# Just in the last hour ......................................



## mmcmdl (Jul 6, 2022)

I've been disabled , terminated and rehired . What a morning !


----------



## JimDawson (Jul 6, 2022)

Busy morning


----------



## vtcnc (Jul 6, 2022)




----------



## mmcmdl (Jul 6, 2022)

Friggin paperwork . Caught up between work and the doctor , ya just can't win these days .


----------



## wachuko (Jul 6, 2022)

Roller coaster of emotions in such a brief time... make sure to take time to relax


----------



## Just for fun (Jul 6, 2022)

Take an afternoon nap, you deserve it!


----------



## WobblyHand (Jul 6, 2022)

So does this mean you have a choice to go back if you want?  That would be good if you can be choosy about your conditions.  Money is good - it helps us get by.  Time is good too, and we never have enough.  Tough one.


----------



## Aukai (Jul 6, 2022)

Which one were you happiest about?


----------



## mmcmdl (Jul 6, 2022)

All of the above !   I'm really not concerned on the outcome ,, just have to know which way to go . Seems like HR doesn't know what I do as I keep it secret .  JK , they misinterpreted the release paperwork from the doctor . He stated my operation as being permanent , which of course it is . My being able to do my job is and never was in jeoprody (sp) . They took it as it was . Of course , everyone in the entire company knows I just cleaned out the other plant of equipment over the past 2 weeks !  And they think I can't walk ? So another activity form needs to be filled out by the doctor . More A$$ time for me in the garage until it's filled out . By the time I get back into work , I'll be taking my 2 weeks down in SC at the beach !


----------



## DavidR8 (Jul 6, 2022)

Congrats?


----------



## mmcmdl (Jul 6, 2022)

Wonder if the rehire comes with a raise ? I shoulda asked for , say , an emotion disruption raise ?


----------



## Dabbler (Jul 6, 2022)

I'm ?glad? you had such an ?entertaining? morning!  I really hope your recovery goes well, and that the HR people and your doctor seart talking plainly with each other.  (and I hope your rehire doesn't effect your pension)


----------



## NCjeeper (Jul 6, 2022)

Probably all this happened before your morning coffee, right?


----------



## Janderso (Jul 6, 2022)

mmcmdl said:


> Friggin paperwork . Caught up between work and the doctor , ya just can't win these days .

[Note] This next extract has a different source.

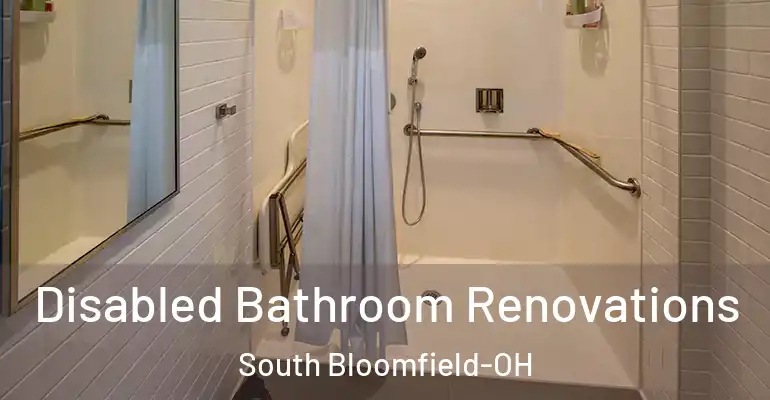 inner Bathroom imggen Disabled Bathroom Renovations South Bloomfield-OH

Glad to hear you are back in the saddle.


----------



## 7milesup (Jul 6, 2022)

My condolences Dave.  And congratulations!  I would call it a "fielder's choice" on how you want to apply those


----------



## mmcmdl (Jul 6, 2022)

After 6 , 10 or so beverages  , I'm quite ****** off , This will be a decision for then to make ,  I'll get by . Just send me the paperwork in 6 months when the meetings are over .


----------



## BGHansen (Jul 8, 2022)

mmcmdl said:


> After 6 , 10 or so beverages  , I'm quite ****** off , This will be a decision for then to make ,  I'll get by . Just send me the paperwork in 6 months when the meetings are over .


Isn't it great when you are in the position of control (like you are)?  My rhetorical comment at my former place of work was, "I am a salaried employee at General Motors.  At my level, I'm essentially an hourly employee with no union representation.  I am not a slave as I'm paid for what I do.  However, to my leadership, I'm what is called an indentured servant; I have debt to pay off and leadership knows it.  They can do anything they want to me and I have no recourse".  

It's a WONDERFUL position to be in once your debt is paid off.  Not that I left as a grumpy old man, but it was nice to be in a position when told I needed to spend the day in -20F weather crawling under cars to say "I don't think so, Homey don't play that no mo'".

My wife is a Unigraphics designer for a defense contractor.  She told them at the start of the year that she was retiring at the end of April.  That gave her leadership 4 months to find a replacement.  They came to her a week before she was leaving and asked if there was anyway they could get her to stay on.  She said, "Sure, I'll work 3 days a week, come in a 7:30 - 4:00 (core hours had been 8 - 5 which put her in rush hour traffic both ways), and I want a $5 / hour raise".  They came back with an okay on the 3-day week, but still an 8-5 schedule and no raise.  "Consider me retired, I hope things go well for you".  They gave her everything she asked for.  Something about being in a good position when it comes to negotiation!

It'll work out for the best for you.  Like my dad was fond of saying, "Good people always land on their feet".

Bruce


----------



## mmcmdl (Jul 8, 2022)

No crap ? A Unigraphics designer for DOD ? I spent weeks up in a former GM plant in Toronto for Unigraphics years ago . So they are still running it I take it . Very cool to hear that . 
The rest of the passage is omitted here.